PICA tackles the challenge of realistically animating clothed humans with loose garments by separating body and clothing into a double-layer 3D Gaussian Splatting representation and coupling it with a physics-based driving module. The method combines mesh-aligned Gaussians anchored to body and clothing templates with a GNN-based hierarchical dynamics simulator to produce physically plausible garment motion while enabling high-fidelity novel-view synthesis. Key contributions include the double-layer representation, pose-aware appearance, segmentation and geometry losses to enforce garment separation, and a HOOD-inspired physics prior that generalizes to new garments and poses.
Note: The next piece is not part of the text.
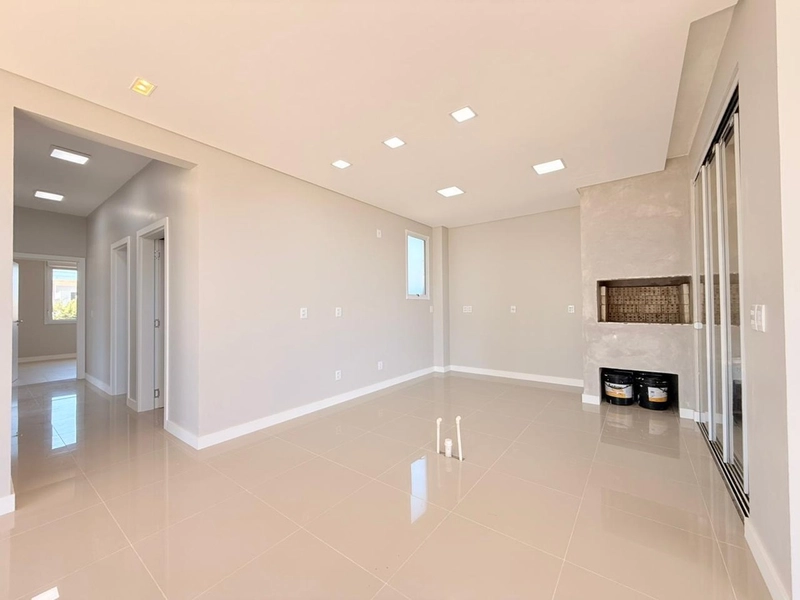 Casa Térrea com Conforto e Praticidade em Todos os Ambientes: 4ª foto da galeria de imagens do imóvel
The approach supports virtual try-on and achieves efficient inference, offering improved fidelity and dynamics over prior single-layer 3DGS avatars in complex driving poses.

Abstract

We introduce PICA, a novel representation for high-fidelity animatable clothed human avatars with physics-accurate dynamics, even for loose clothing. Previous neural rendering-based representations of animatable clothed humans typically employ a single model to represent both the clothing and the underlying body. While efficient, these approaches often fail to accurately represent complex garment dynamics, leading to incorrect deformations and noticeable rendering artifacts, especially for sliding or loose garments. Furthermore, previous works represent garment dynamics as pose-dependent deformations and facilitate novel pose animations in a data-driven manner. This often results in outcomes that do not faithfully represent the mechanics of motion and are prone to generating artifacts in out-of-distribution poses. To address these issues, we adopt two individual 3D Gaussian Splatting (3DGS) models with different deformation characteristics, modeling the human body and clothing separately. This distinction allows for better handling of their respective motion characteristics. With this representation, we integrate a graph neural network (GNN)-based clothed body physics simulation module to ensure an accurate representation of clothing dynamics. Our method, through its carefully designed features, achieves high-fidelity rendering of clothed human bodies in complex and novel driving poses, significantly outperforming previous methods under the same settings.

Figures (7)

• Figure 1: Given multi-view RGB inputs (25 views in this example), PICA reconstructs the clothed avatar as a double-layer representation and applies novel pose animation and virtual try-on with a physics-integrated driving module.
• Figure 2: Overview. PICA represents clothed human avatars as two separate template meshes and corresponding mesh-aligned Gaussians. The avatar in canonical space is first deformed to observed space by non-rigid deformation and LBS, and then rasterized to the image space of the given camera with a pose-dependent color MLP. After reconstructing the avatar with appearance loss and geometry loss, PICA utilizes a hierarchical graph-based neural dynamics simulator to generate the simulation geometry sequence, which is rendered to the final animation result according to the trained appearance model.
• Figure 3: Qualitative results of novel view synthesis (left) on training frames and novel pose animation (right).
• Figure 4: Ablation study on the number of training views. (a) Novel view synthesis results on the training frame. (b) Novel pose animation results on the training view.
• Figure 5: (a) Ablation study on the pose-dependent color. Compared to SH, our appearance model can better model self-shadows and wrinkles in garments. (b) Ablation study on the two-layer representation. The single-layer representation struggles to model the loose or sliding dynamics of clothing.